This study aims to investigate the effect of ertugliflozin, an SGLT2 inhibitor, on cardiac function in individuals with T2D and pre-HF. By focusing on LVGLS and other echocardiographic parameters, we intend to elucidate the potential mechanisms underlying the cardioprotective effects of ertugliflozin in this population.
Methods
Study design and participants
The Ertu-GLS study was a 24-week, single-center, randomized, double-blind, placebo-controlled, parallel-group trial (trial protocol is available in Supplemental methods). The study was approved by the Institutional Review Board of Seoul National University Bundang Hospital (SNUBH), Republic of Korea (B-1801-498-002), and conducted in accordance with the principles of the Declaration of Helsinki. Our trial outcomes are reported in line with the Consolidated Standards of Reporting Trials (CONSORT) 2010 statement and the CONSORT-Outcomes 2022 extension [13].

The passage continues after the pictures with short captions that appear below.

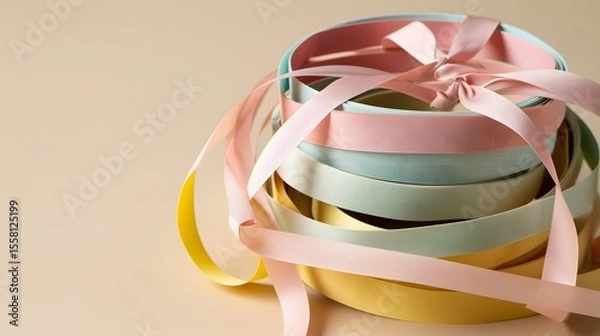 Fototapeta Assorted Ribbons in Pastel Colors for Gift Wrapping and Craft Projects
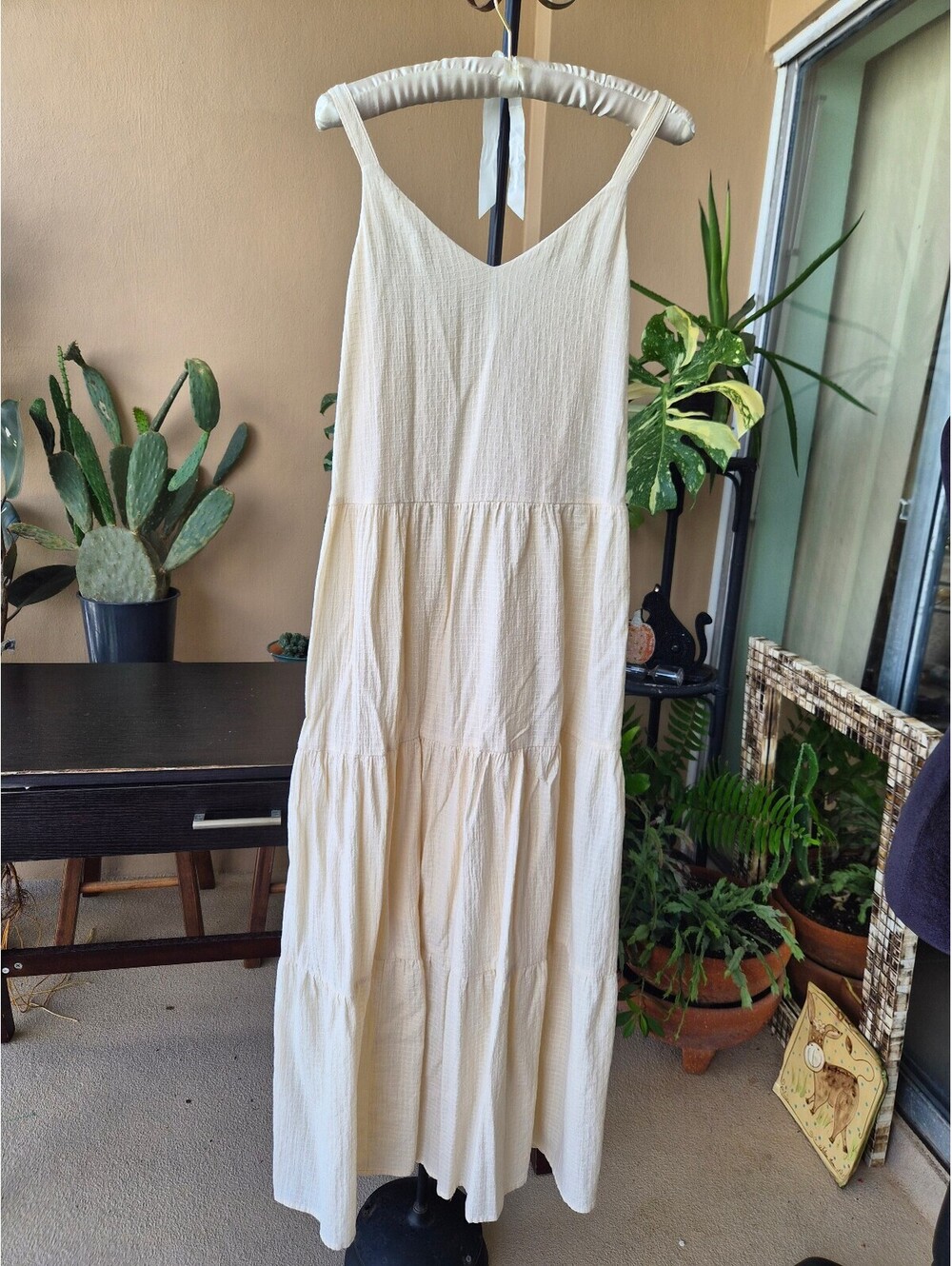 Splendid Ivory Cotton Tiered Maxi Dress Size XS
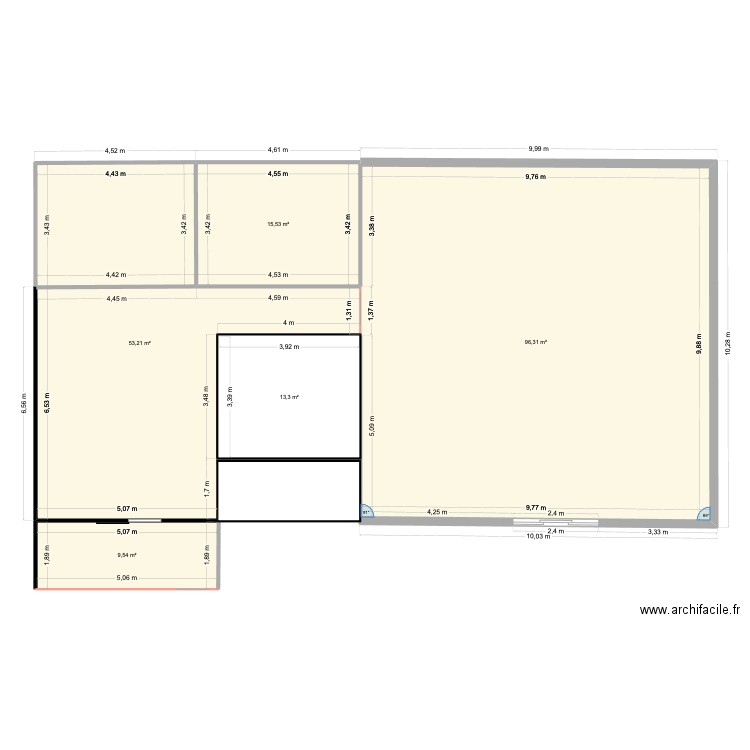 Plan-Maison2. Plan de 5 pièces et 188 m2
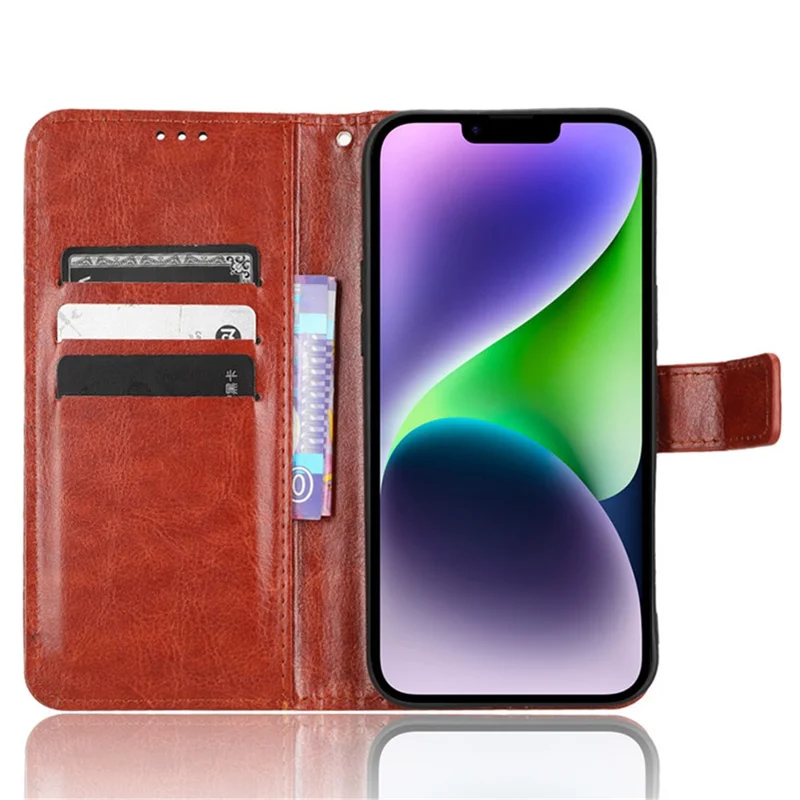 Handyhülle für iPhone 15 Plus Cover Crazy Horse Textur Ledertasche Ständer Schale - Braun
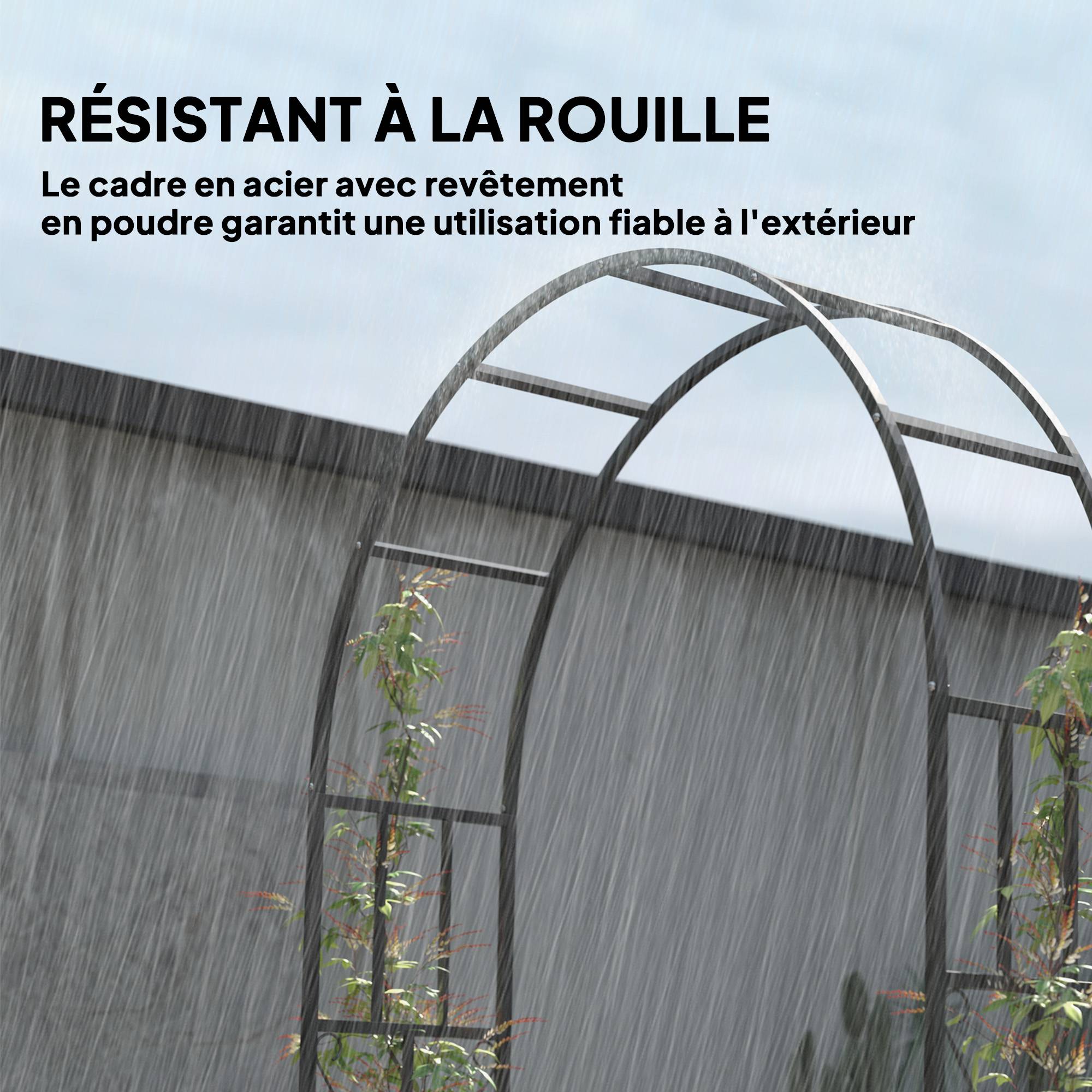 Arche Jardin Acier Plantes Grimpantes Rosiers Décoration Mariage Cérémonie 150x223cm Noir - ComfortXL Outdoor Living - Image 6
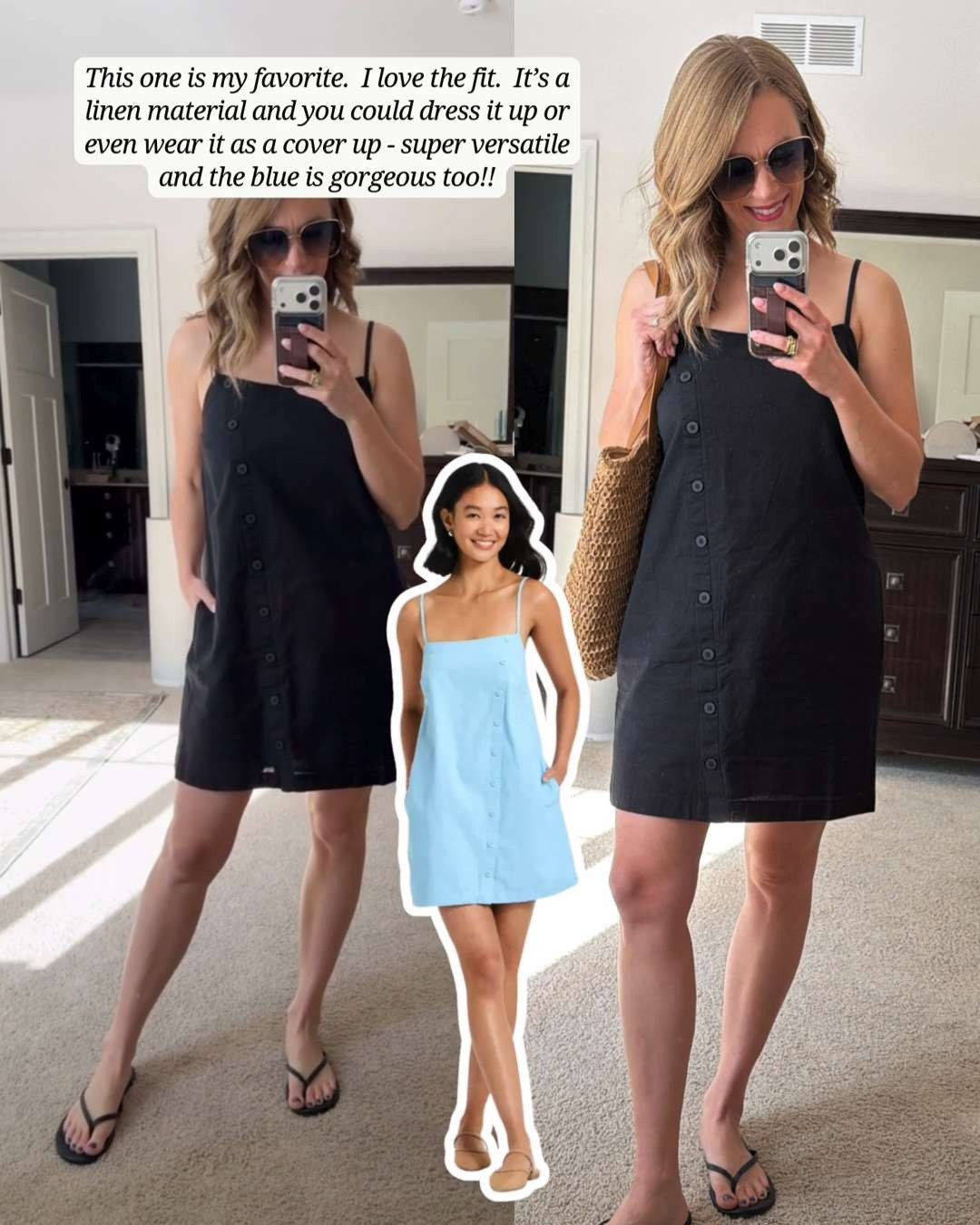 Love the fit of this linen dress. Cute on its own or even as a cover up! 

 #LTKOver40 #LTKPetite #LTKTravel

We enrolled individuals with T2D and pre-HF. The main inclusion criteria were as follows: 1) adults diagnosed with T2D who had been receiving treatment with one or more oral antidiabetic medications (such as metformin, sulfonylureas, thiazolidinediones, dipeptidyl peptidase-4 inhibitors, or alpha-glucosidase inhibitor, excluding SGLT2 inhibitors) and/or insulin according to local guidelines for at least 12 weeks without any dose adjustment before enrollment; 2) glycated hemoglobin (HbA1c) levels between 7.5% and 9.0% to avoid complications from additional glycemic control; 3) estimated glomerular filtration rate ≥45 mL/min/1.73 m2; 4) pre-HF, defined by at least one of the following criteria: left ventricular hypertrophy (LVH) with a left ventricular mass index (LVMI) ≥ 95 g/m2 in women or ≥ 115 g/m2 in men, E/e’ >15, or impaired LVGLS of exceeding − 16% [1].
Exclusion criteria included type 1 diabetes; HbA1c > 9.5% or fasting plasma glucose (FPG) > 15.0 mmol/L (270 mg/dL) during screening; previous treatment with glucagon-like peptide-1 (GLP-1) receptor agonists within 12 weeks before screening; a history of diabetic ketoacidosis or hyperglycemic hyperosmolar state; systolic blood pressure (SBP) > 180 mmHg or diastolic blood pressure (DBP) > 95 mmHg; symptoms of HF; severe anemia; respiratory, hepatic, neurological, or psychiatric disorders; active malignant neoplasm; other major systemic disease; or systemic use of glucocorticoids for more than 10 consecutive days within 90 days prior to screening.
Randomization and blinding procedures
After screening potential participants at the outpatient clinic of the Division of Endocrinology and Metabolism, Department of Internal Medicine, SNUBH, individuals who met the inclusion and exclusion criteria were enrolled in the study. To ensure adherence, participants were required to achieve at least 80% compliance with the prescribed medication regimen during the two-week period before randomization.
Randomization was conducted using a computer-generated sequence, ensuring that a 1:1 allocation to the two groups (ertugliflozin 5 mg or placebo). A permuted block design was used to maintain group balance throughout the trial. To further reduce bias, both participants and investigators were blinded to the treatment assignments. Participants were also blinded to their HbA1c and FPG results to avoid unintentional unblinding. Additionally, urinary glucose excretion results, which could indicate SGLT2 inhibitor activity, were withheld to preserve blinding.
Echocardiographic, anthropometric, and biochemical parameters were assessed at baseline and week 24 in a blinded manner, ensuring that neither the assessors nor the participants knew the treatment group assignments.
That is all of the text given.